Theoretical explanation of the antiferromagnetic anisotropy in organic superconductors: A probe for the spin-density-wave amplitude and nesting vector

Abstract

The experimentally observed anisotropy, in the spin-density-wave (SDW) state of tetramethyl-tetraselenafulvalene and tetramethyltetrathiafulvalene salts ${\left(\mathrm{TMT}C\mathrm{F}\right)}_{2}X$ ($C=\mathrm{Se} or \mathrm{S}$ and $X=\mathrm{As}{\mathrm{F}}_6,\mathrm{Cl}{\mathrm{O}}_4,\dots$), is quantitatively explained by pure dipolar anistropy in sulfur compounds and a competition between dipolar and spin-orbit coupling in selenium salts.
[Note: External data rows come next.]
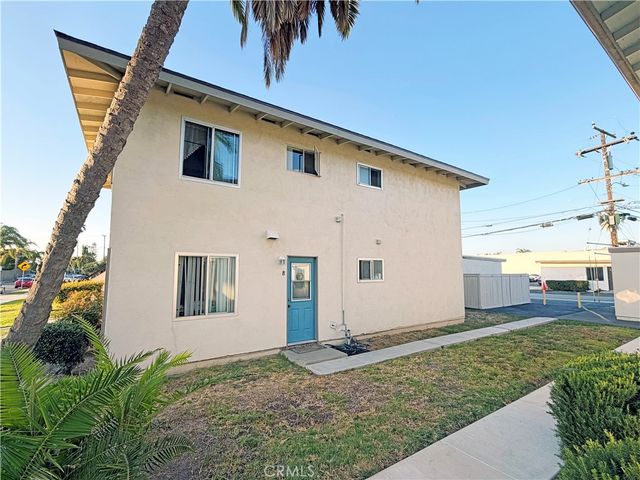 2976 Royal Palm, Costa Mesa, CA 92626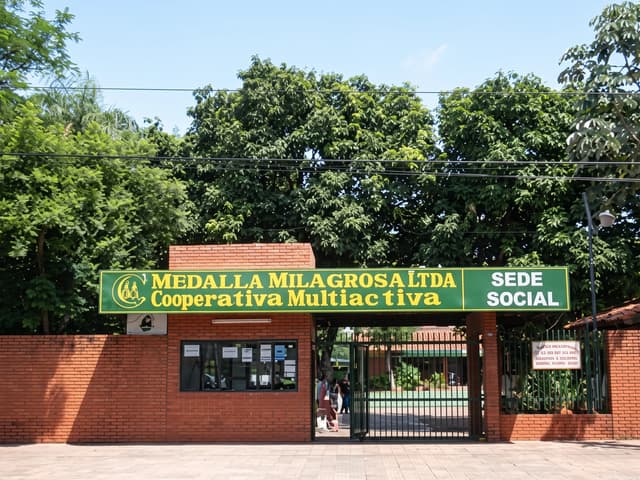 Cooperativa Medalla Milagrosa (Sede Social) — Proyecto ejecutado por Casa Clima E.A.S.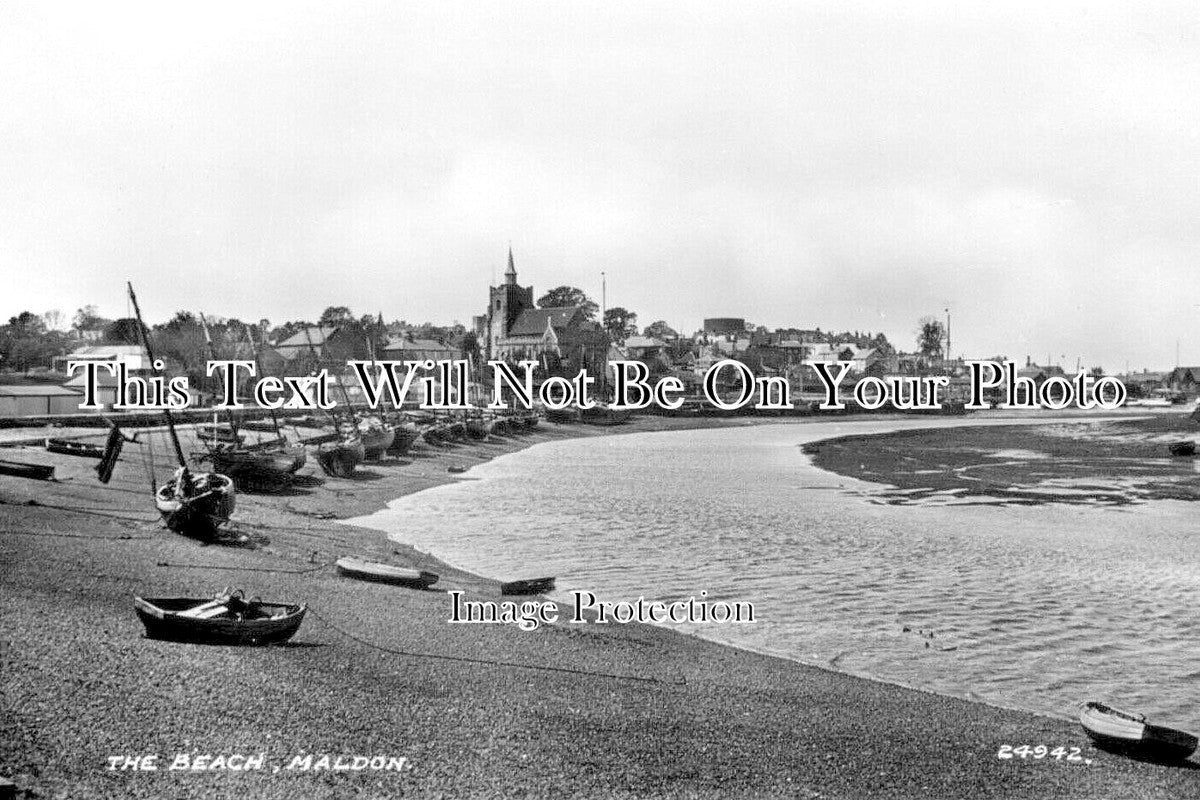 ES 6498 - The Beach, Maldon, Essex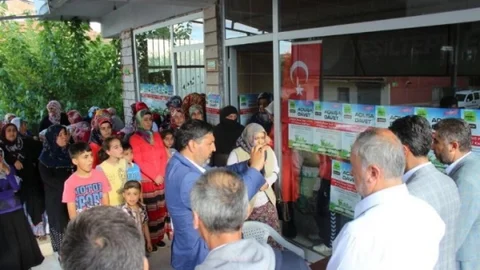 Yeşiltepe'de Kadınlardan Destek Mesajı
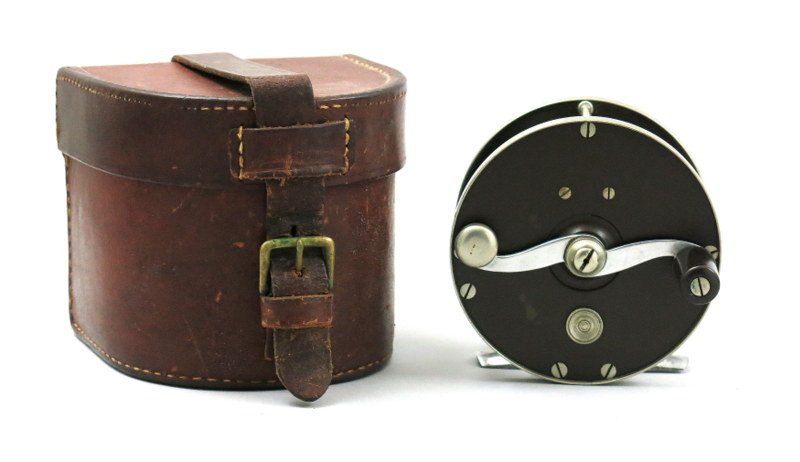 Edward vom Hofe Restigouche 3/0 with Case (1 of 4)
In sulfur compounds, dipolar anisotropy leads to a hard axis close to $\mathbf{a}$. In selenium compounds, the competing spin-orbit interactions favor the stacking axis $\mathbf{a}$ (perpendicular to the molecular plane) and permute the hard and intermediate axes, as experimentally observed. We prove that the variations of the nesting vector $\mathbf{Q}$, recently confirmed by proton NMR, are responsible for the large differences observed in the anisotropy axes for different compounds with the same TMTCF cation. We calculate the eigenstates of the anisotropy tensor in terms of $\mathbf{Q}$ and deduce from the experimental anisotropy axes and antiferromagnetic resonance (AFMR) frequencies the amplitude $\delta$ and $\mathbf{Q}$ vector of the SDW for all the salts that have been experimentally investigated. Although the electrical properties of Se and S compounds strongly differ, their SDW states are strikingly similar with $\delta$ of order 10% and $0.1b^{*}<Q_b<0.4\mathrm{}{b}^{*}$.